→ **Description of the task**
What the task needs is every record repeated exactly, nothing more.

-- Supplied information follows --

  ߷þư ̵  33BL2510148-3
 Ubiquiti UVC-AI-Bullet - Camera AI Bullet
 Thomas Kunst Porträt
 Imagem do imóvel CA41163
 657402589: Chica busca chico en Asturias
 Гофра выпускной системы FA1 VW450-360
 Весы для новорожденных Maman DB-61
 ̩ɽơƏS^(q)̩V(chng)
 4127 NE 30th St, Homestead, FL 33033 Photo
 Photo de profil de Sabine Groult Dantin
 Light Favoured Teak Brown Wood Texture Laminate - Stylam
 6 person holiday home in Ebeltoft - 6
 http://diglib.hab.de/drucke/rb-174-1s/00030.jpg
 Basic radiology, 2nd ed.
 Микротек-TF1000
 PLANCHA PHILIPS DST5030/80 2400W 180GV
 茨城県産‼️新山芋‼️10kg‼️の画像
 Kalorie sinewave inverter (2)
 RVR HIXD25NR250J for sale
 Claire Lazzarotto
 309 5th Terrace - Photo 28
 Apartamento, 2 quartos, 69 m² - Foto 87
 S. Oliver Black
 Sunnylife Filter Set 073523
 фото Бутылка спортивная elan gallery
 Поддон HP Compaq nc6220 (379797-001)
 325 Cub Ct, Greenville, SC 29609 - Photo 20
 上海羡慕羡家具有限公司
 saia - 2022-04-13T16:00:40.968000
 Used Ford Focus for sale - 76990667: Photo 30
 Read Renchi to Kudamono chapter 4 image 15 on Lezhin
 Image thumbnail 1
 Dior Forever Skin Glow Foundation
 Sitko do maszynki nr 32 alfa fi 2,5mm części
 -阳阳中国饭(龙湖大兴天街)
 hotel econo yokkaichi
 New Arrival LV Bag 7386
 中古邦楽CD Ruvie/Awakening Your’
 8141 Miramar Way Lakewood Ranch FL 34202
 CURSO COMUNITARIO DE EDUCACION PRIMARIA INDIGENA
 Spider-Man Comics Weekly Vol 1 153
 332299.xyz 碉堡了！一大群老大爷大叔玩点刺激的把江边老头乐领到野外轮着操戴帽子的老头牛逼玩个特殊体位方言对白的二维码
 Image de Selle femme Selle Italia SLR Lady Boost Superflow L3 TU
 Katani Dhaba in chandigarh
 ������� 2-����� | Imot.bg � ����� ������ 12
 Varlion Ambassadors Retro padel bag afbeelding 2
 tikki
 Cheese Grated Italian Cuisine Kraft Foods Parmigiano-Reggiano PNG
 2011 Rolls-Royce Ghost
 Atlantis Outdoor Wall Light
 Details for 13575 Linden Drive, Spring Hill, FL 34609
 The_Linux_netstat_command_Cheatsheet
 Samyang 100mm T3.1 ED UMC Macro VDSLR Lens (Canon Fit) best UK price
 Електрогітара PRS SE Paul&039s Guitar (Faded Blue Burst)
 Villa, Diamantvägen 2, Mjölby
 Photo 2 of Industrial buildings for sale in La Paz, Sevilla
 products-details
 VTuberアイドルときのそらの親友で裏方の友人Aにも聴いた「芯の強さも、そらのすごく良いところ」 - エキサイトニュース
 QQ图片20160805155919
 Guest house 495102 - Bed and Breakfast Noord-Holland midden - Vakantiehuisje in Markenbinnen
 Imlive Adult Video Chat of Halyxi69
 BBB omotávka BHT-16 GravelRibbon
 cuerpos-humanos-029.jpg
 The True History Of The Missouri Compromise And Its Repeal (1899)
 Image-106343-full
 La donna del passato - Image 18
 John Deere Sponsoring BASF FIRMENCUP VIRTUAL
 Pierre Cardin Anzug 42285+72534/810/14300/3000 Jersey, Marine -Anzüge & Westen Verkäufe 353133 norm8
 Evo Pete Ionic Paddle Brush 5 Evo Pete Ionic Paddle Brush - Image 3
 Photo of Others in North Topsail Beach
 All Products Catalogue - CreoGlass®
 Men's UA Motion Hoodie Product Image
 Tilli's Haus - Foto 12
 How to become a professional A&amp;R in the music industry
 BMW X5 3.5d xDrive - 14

-- Supplied information concluded --

→ **Response to the task**
  ߷þư ̵  33BL2510148-3
 Ubiquiti UVC-AI-Bullet - Camera AI Bullet
 Thomas Kunst Porträt
 Imagem do imóvel CA41163
 657402589: Chica busca chico en Asturias
 Гофра выпускной системы FA1 VW450-360
 Весы для новорожденных Maman DB-61
 ̩ɽơƏS^(q)̩V(chng)
 4127 NE 30th St, Homestead, FL 33033 Photo
 Photo de profil de Sabine Groult Dantin
 Light Favoured Teak Brown Wood Texture Laminate - Stylam
 6 person holiday home in Ebeltoft - 6
 http://diglib.hab.de/drucke/rb-174-1s/00030.jpg
 Basic radiology, 2nd ed.
 Микротек-TF1000
 PLANCHA PHILIPS DST5030/80 2400W 180GV
 茨城県産‼️新山芋‼️10kg‼️の画像
 Kalorie sinewave inverter (2)
 RVR HIXD25NR250J for sale
 Claire Lazzarotto
 309 5th Terrace - Photo 28
 Apartamento, 2 quartos, 69 m² - Foto 87
 S. Oliver Black
 Sunnylife Filter Set 073523
 фото Бутылка спортивная elan gallery
 Поддон HP Compaq nc6220 (379797-001)
 325 Cub Ct, Greenville, SC 29609 - Photo 20
 上海羡慕羡家具有限公司
 saia - 2022-04-13T16:00:40.968000
 Used Ford Focus for sale - 76990667: Photo 30
 Read Renchi to Kudamono chapter 4 image 15 on Lezhin
 Image thumbnail 1
 Dior Forever Skin Glow Foundation
 Sitko do maszynki nr 32 alfa fi 2,5mm części
 -阳阳中国饭(龙湖大兴天街)
 hotel econo yokkaichi
 New Arrival LV Bag 7386
 中古邦楽CD Ruvie/Awakening Your’
 8141 Miramar Way Lakewood Ranch FL 34202
 CURSO COMUNITARIO DE EDUCACION PRIMARIA INDIGENA
 Spider-Man Comics Weekly Vol 1 153
 332299.xyz 碉堡了！一大群老大爷大叔玩点刺激的把江边老头乐领到野外轮着操戴帽子的老头牛逼玩个特殊体位方言对白的二维码
 Image de Selle femme Selle Italia SLR Lady Boost Superflow L3 TU
 Katani Dhaba in chandigarh
 ������� 2-����� | Imot.bg � ����� ������ 12
 Varlion Ambassadors Retro padel bag afbeelding 2
 tikki
 Cheese Grated Italian Cuisine Kraft Foods Parmigiano-Reggiano PNG
 2011 Rolls-Royce Ghost
 Atlantis Outdoor Wall Light
 Details for 13575 Linden Drive, Spring Hill, FL 34609
 The_Linux_netstat_command_Cheatsheet
 Samyang 100mm T3.1 ED UMC Macro VDSLR Lens (Canon Fit) best UK price
 Електрогітара PRS SE Paul&039s Guitar (Faded Blue Burst)
 Villa, Diamantvägen 2, Mjölby
 Photo 2 of Industrial buildings for sale in La Paz, Sevilla
 products-details
 VTuberアイドルときのそらの親友で裏方の友人Aにも聴いた「芯の強さも、そらのすごく良いところ」 - エキサイトニュース
 QQ图片20160805155919
 Guest house 495102 - Bed and Breakfast Noord-Holland midden - Vakantiehuisje in Markenbinnen
 Imlive Adult Video Chat of Halyxi69
 BBB omotávka BHT-16 GravelRibbon
 cuerpos-humanos-029.jpg
 The True History Of The Missouri Compromise And Its Repeal (1899)
 Image-106343-full
 La donna del passato - Image 18
 John Deere Sponsoring BASF FIRMENCUP VIRTUAL
 Pierre Cardin Anzug 42285+72534/810/14300/3000 Jersey, Marine -Anzüge & Westen Verkäufe 353133 norm8
 Evo Pete Ionic Paddle Brush 5 Evo Pete Ionic Paddle Brush - Image 3
 Photo of Others in North Topsail Beach
 All Products Catalogue - CreoGlass®
 Men's UA Motion Hoodie Product Image
 Tilli's Haus - Foto 12
 How to become a professional A&amp;R in the music industry
 BMW X5 3.5d xDrive - 14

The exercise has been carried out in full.